(Data items)
--- START ---

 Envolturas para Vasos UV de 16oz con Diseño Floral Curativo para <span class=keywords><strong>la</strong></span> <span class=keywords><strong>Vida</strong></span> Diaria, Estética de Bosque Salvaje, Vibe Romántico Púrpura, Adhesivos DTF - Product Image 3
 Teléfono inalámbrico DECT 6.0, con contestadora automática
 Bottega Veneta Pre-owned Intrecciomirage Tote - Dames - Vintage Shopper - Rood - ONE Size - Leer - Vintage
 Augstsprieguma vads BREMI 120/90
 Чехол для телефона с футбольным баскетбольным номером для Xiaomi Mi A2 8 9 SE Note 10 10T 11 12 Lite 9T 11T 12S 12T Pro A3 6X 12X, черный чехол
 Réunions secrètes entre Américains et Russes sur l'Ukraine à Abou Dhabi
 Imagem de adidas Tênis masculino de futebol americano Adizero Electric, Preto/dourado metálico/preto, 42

--- END ---

**Task details:** Look for the line with "Réunions secrètes entre" in the records above. Repeat it and each line after it exactly.

**Task solution:**
 Réunions secrètes entre Américains et Russes sur l'Ukraine à Abou Dhabi
 Imagem de adidas Tênis masculino de futebol americano Adizero Electric, Preto/dourado metálico/preto, 42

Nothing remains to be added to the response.